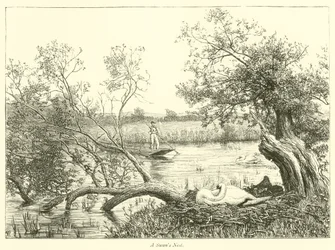 Ein Schwanennest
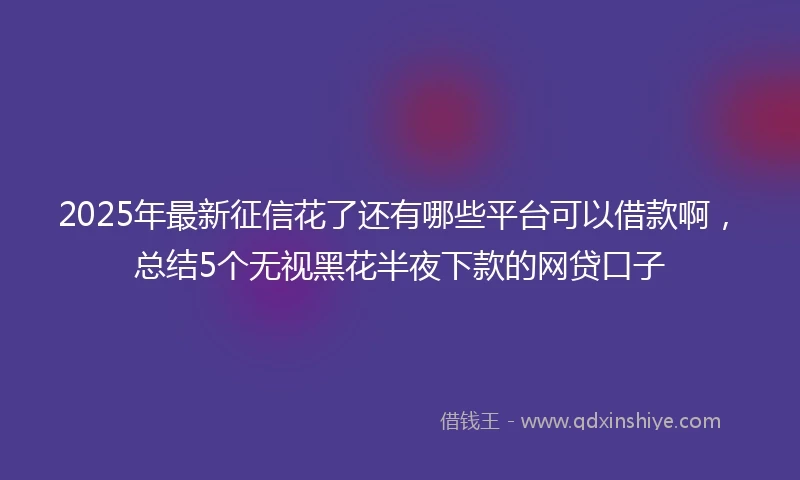 2025年最新征信花了还有哪些平台可以借款啊，总结5个无视黑花半夜下款的网贷口子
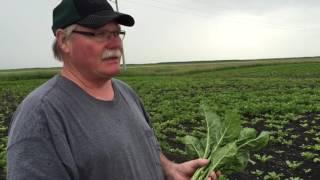 Why sugar beet farmers are all in on GMOs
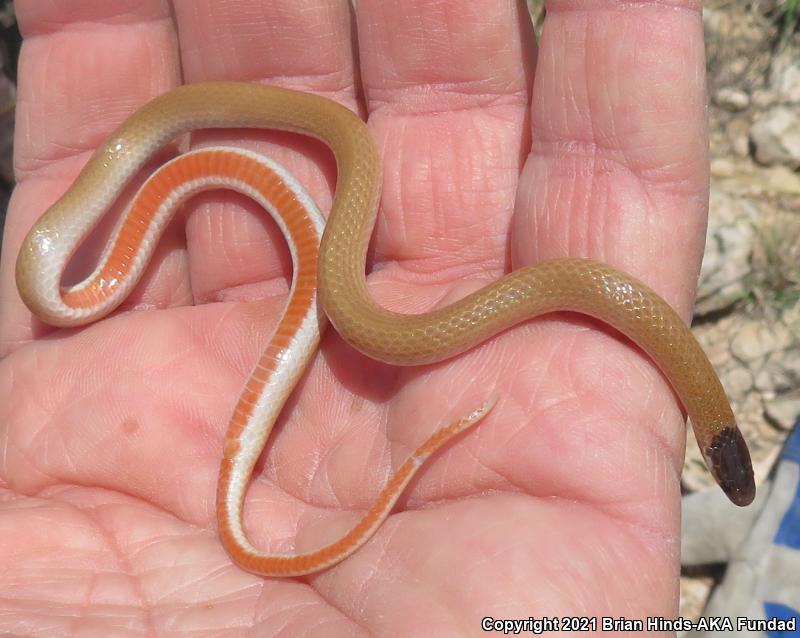 Plains Black-headed Snake (Tantilla nigriceps)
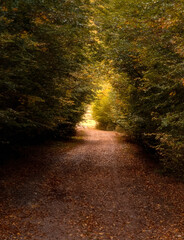 Fototapeta premium path in the forest
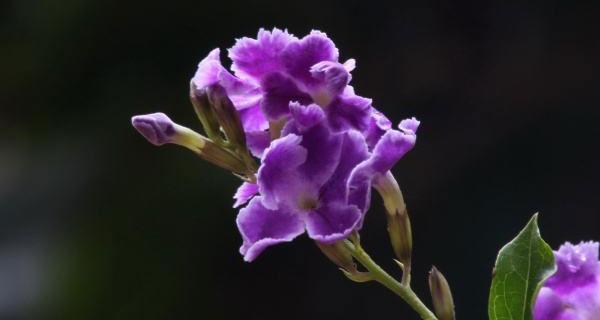紫罗兰花语（紫罗兰的花语及其象征意义）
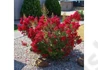 Kép 1/2 - Lagerstroemia indica Petite Red / Kínai selyemmirtusz piros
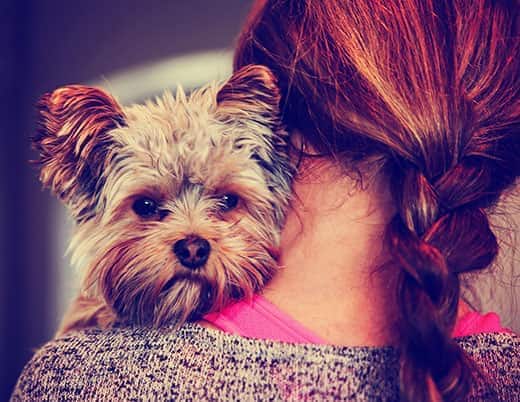 A cute yorkshire terrier peeking from around a woman's shoulder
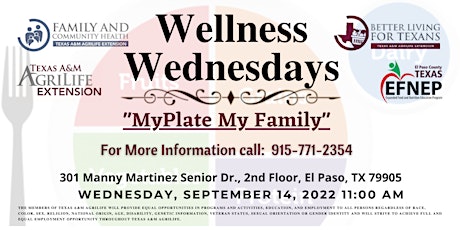 Wellness Wednesday- My Plate, My Family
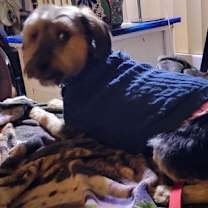 Thumbnail photo of Julius #4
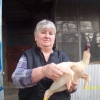 птица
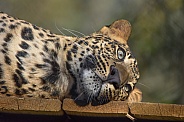 African leopard cub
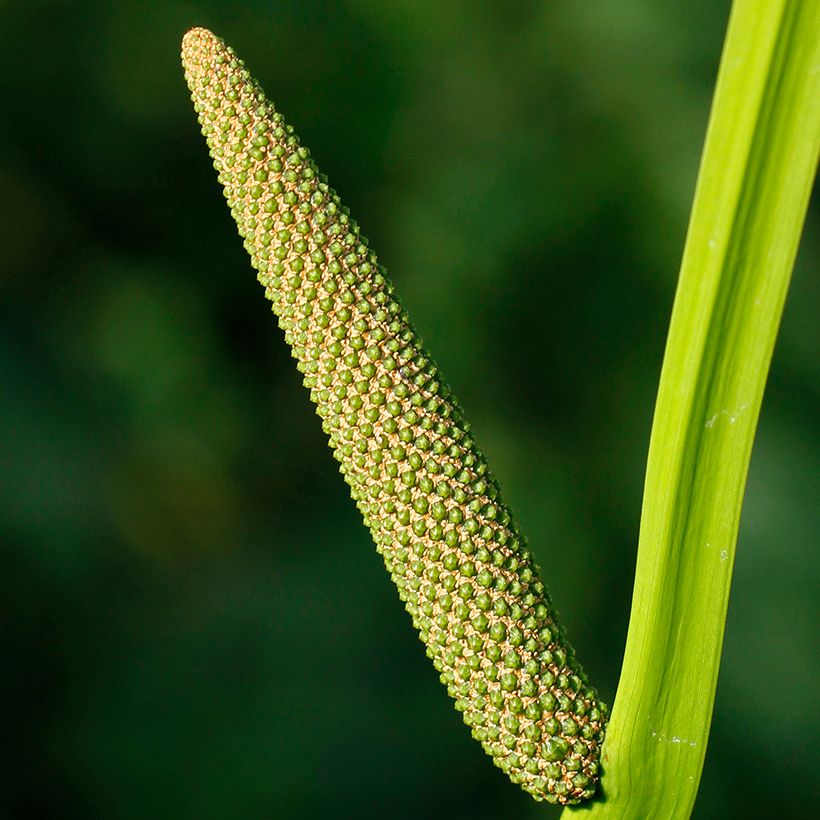 Acorus calamus - Calame, Acore (Floraison)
--------
Starting at the first line of the material above and ending with the line that contains "紫罗兰花语（紫罗兰的花语及其象征意义）", reproduce every line exactly, and leave out the pictures.

 Ein Schwanennest
 2025年最新征信花了还有哪些平台可以借款啊，总结5个无视黑花半夜下款的网贷口子
 Why sugar beet farmers are all in on GMOs
 Plains Black-headed Snake (Tantilla nigriceps)
 Fototapeta premium path in the forest
紫罗兰花语（紫罗兰的花语及其象征意义）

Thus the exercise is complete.